Name	Name	Last commit message	Last commit date
parent directory ..
models_config	models_config
models_onnx	models_onnx
report_test_rtx_4090	report_test_rtx_4090
README.md	README.md
start-container-triton-server.sh	start-container-triton-server.sh
start-triton-server.sh	start-triton-server.sh

Triton Server YOLOv7 / Yolov7 QAT

This repository serves as an example of deploying the Models YOLOv7 model (FP16) and the YOLOv7 QAT (INT8) on Triton-Server for performance and testing. It includes support for applications developed using Nvidia DeepStream.

Instructions to deploy YOLOv7 as TensorRT engine to Triton Inference Server.

This Repo use exported Yolov7 Models ONNX to Generate TensorRT Engine.

Users can either build ONNX files themselves or simply utilize the start-container-triton-server.sh script to initiate the container and use start-triton-server.sh to download the models, generate the TRT engine, and start the Triton Server.

This repository is a continuation of philipp-schmidt work in the repository https://github.com/WongKinYiu/yolov7/tree/main/deploy/triton-inference-server.

Exporting from PyTorch (YOLOv7 FP16) to ONNX With Efficient NMS plugin

This repo does not export pytorch models to ONNX.
You can use the Yolov7 Repository or the Yolov7 Docker Image for your convenience.

python export.py --weights yolov7.pt \
  --grid \
  --end2end \
  --dynamic-batch \
  --simplify \
  --topk-all 100 \
  --iou-thres 0.65 \
  --conf-thres 0.35 \
  --img-size 640 640

Exporting from PyTorch (YOLOv7 QAT ) to ONNX With Efficient NMS plugin

This repo does not export pytorch models to ONNX.
You can use the Yolov7 QAT Repository or the Yolov7 Docker Image for your convenience.

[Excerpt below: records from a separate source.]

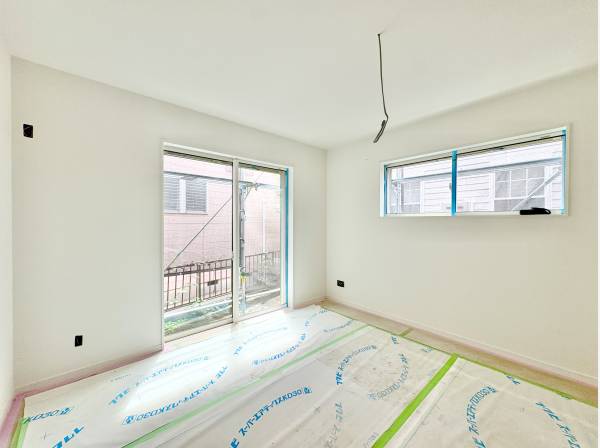 2面採光があることにより、十分な陽光がお部屋の全体に届きます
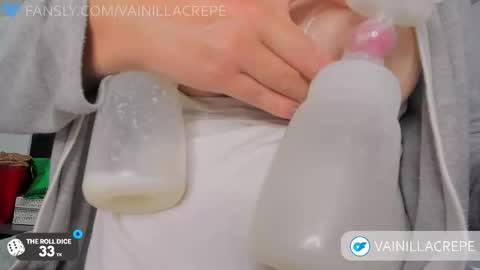 Snapshot of vainillacrepe chatting on 12.15.25 Im Mila my onlyfans is vainillacrepe online show from 12.15.25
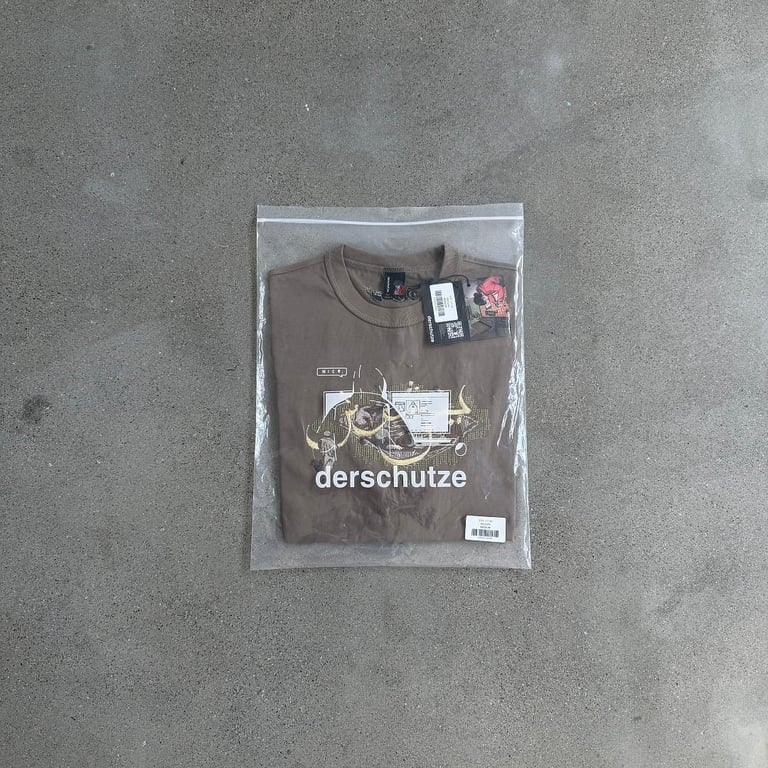 Derschutze Graphic Art T-Shirt - 17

python scripts/qat.py export qat.pt \
  --save=qat.onnx \
  --dynamic \
  --img-size 640 \
  --end2end \
  --topk-all 100 \
  --simplify \
  --iou-thres 0.65 \
  --conf-thres 0.35

Running NVIDIA Triton Inference Server Container with Docker

Usage

bash ./start-container-triton-server.sh

Run this script to start the Triton Inference Server container.

Note: This script must be executed on the host operating system.

Prerequisites

NVIDIA Docker must be installed.
NVIDIA GPU(s) should be available.

Deploying TensorRT Engine and Starting Triton-Server

Prerequisites

Model exported from PyTorch to ONNX

This script start-triton-server.sh automatically download Yolov7 ONNX models from https://github.com/levipereira/Docker-Yolov7-Nvidia-Kit/releases/tag/v1.0

Usage Script (start-triton-server.sh) :

 Usage:
bash ./start-triton-server.sh  <max_batch_size> <opt_batch_size> [--force-build]

# - max_batch_size: Maximum batch size for TensorRT engines.
# - opt_batch_size: Optimal batch size for TensorRT engines.
# - Use the flag --force-build to rebuild TensorRT engines even if they already exist.

Example

bash ./start-triton-server.sh  16 8 --force-build

This script converts ONNX models to TensorRT engines and starts the NVIDIA Triton Inference Server.

Note: This script is intended to be executed from within the Docker Triton container.

Script Flow:

Checks for the existence of YOLOv7 ONNX model files.
Downloads ONNX models if they do not exist.
Converts YOLOv7 ONNX model to TensorRT engine with FP16 precision.
Converts YOLOv7 Quantized and Aware Training (QAT) ONNX model to TensorRT engine with INT8 precision.
Updates the batch size configurations in the Triton Server config files.
Starts Triton Inference Server with the converted models.

After running script, you can verify the availability of the model by checking this output::

+------------+---------+--------+
| Model      | Version | Status |
+------------+---------+--------+
| yolov7     | 1       | READY  |
| yolov7_qat | 1       | READY  |
+------------+---------+--------+

Model Configuration

triton-server-yolov7/
├── models_config
│   ├── yolov7
│   │   └── config.pbtxt
│   └── yolov7_qat
│       └── config.pbtxt

See Triton Model Configuration Documentation for more info.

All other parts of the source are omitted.